Hoje, existem ao menos 160 presos submetidos à Doutrina Parot, a ampla maioria deles ex-membros da ETA, mas também alguns assassinos comuns.
Passo para a paz
Bascos, lideranças nacionalistas de esquerda (Abertzales) e o PNV (Partido Nacionalista Basco), atualmente no poder, comemoram a decisão, vista como um passo adiante no processo de paz basco.

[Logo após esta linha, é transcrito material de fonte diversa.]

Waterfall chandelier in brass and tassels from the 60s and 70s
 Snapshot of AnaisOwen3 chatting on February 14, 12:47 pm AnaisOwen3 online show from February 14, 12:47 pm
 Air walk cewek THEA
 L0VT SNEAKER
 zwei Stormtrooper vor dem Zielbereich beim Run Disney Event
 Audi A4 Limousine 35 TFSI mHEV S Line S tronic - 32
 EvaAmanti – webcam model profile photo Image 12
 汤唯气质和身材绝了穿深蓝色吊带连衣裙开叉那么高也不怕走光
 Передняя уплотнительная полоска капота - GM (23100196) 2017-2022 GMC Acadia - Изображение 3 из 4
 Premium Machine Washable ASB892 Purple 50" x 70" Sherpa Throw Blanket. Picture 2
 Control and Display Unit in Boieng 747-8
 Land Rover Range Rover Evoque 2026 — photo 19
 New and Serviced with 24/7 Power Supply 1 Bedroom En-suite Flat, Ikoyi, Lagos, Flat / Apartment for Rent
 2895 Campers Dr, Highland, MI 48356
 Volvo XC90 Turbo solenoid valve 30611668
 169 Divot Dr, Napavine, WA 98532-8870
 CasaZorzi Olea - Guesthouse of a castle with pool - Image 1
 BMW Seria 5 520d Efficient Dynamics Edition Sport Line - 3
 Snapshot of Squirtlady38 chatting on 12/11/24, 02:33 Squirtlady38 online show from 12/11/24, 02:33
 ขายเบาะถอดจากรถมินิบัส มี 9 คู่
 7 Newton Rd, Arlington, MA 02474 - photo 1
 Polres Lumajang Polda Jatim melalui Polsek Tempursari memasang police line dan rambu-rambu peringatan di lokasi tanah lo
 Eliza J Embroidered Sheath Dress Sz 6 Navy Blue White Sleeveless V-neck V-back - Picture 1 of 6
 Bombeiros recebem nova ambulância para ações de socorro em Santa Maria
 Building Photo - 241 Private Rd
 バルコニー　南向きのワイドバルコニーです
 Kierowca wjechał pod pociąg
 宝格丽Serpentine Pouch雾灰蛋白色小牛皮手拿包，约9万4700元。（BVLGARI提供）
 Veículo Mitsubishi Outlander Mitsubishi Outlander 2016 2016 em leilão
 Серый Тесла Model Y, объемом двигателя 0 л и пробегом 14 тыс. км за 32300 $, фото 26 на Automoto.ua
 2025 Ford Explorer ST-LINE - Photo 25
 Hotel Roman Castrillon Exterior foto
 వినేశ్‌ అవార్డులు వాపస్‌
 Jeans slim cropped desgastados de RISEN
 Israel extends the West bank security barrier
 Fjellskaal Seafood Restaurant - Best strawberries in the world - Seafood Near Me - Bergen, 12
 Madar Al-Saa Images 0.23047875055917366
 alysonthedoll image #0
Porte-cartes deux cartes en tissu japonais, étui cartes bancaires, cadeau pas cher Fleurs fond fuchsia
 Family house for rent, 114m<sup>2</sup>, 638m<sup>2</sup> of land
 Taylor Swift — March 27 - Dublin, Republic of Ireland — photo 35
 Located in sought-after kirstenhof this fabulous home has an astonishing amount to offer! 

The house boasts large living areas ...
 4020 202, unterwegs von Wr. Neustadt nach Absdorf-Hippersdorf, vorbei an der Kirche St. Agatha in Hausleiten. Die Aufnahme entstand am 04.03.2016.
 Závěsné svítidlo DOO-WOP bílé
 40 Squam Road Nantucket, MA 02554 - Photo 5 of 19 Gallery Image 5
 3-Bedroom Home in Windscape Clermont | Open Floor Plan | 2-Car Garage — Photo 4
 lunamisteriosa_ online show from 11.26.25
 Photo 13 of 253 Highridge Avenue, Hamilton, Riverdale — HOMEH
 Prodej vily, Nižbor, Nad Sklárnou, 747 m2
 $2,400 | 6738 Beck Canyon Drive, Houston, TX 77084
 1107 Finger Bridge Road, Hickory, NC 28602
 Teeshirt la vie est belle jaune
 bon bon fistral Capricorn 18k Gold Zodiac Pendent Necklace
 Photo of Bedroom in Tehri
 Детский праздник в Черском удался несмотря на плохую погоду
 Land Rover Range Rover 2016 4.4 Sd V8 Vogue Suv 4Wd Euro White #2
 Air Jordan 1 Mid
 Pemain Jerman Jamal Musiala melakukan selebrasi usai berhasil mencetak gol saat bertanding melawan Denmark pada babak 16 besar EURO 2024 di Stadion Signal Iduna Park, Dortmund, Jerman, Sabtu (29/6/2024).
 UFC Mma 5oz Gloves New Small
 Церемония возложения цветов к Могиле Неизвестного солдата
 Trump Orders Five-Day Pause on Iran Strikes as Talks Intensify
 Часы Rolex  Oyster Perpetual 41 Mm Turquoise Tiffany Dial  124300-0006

Diversos partidos e organizações bascas lutam há anos pelo fim da Doutrina Parot, pela libertação dos presos políticos doentes ou que já cumpriram suas penas e pelo fim da política de “fragmentação” e “distanciamento” dos presos ligados a ETA, que, por vezes, são enviados a prisões a centenas de quilômetros de sua região natal como forma de punir coletivamente suas famílias.
Além disso, exigem que o governo espanhol, hoje controlado pelo PP (Partido Popular) da centro-direita, abra negociações com a ETA. Há exatos 2 anos (completados no dia 20 de outubro), o grupo declarou cessar fogo unilateral e a intenção de negociar seu fim junto à Espanha com a exigência de respeito de seus presos e ao direito de autodeterminação.
Por parte do governo espanhol nenhuma surpresa
O Ministro do Interior, Jorge Fernández, reafirmou a falta de vontade do governo em negociar com a organização independentista e declarou mais uma vez que a ETA estaria “derrotada” e que a política penitenciária espanhola de espalhar os prisioneiros não mudaria.
Além disso, o Ministro da Justiça, Alberto Ruiz-Gallardón, defendeu a reforma do Código Penal espanhol que legalizaria a vingança de Estado e “legalizaria” a Doutrina Parot e afirmou, em claro desrespeito à decisão europeia, que a Espanha não pagará a multa de 30 mil euros a del Río decidida pelo TEDH pelos danos infringidos.
Pese a declaração de Fernández, a Espanha será forçada a rever ao menos parte de sua política carcerária e continuará a sofrer pressões vindas da União Europeia para revisar uma política que é vista por muitos como mera vingança contra aqueles que lutam pela libertação do País Basco.
Enquanto isso, membros destacados de grupos de extrema-direita, como os GAL (Grupos Antiterroristas de Libertação na sigla em espanhol), muito ativos nos anos 80, receberam perdão oficial por seus crimes ou foram beneficiados por inúmeras reduções de penas.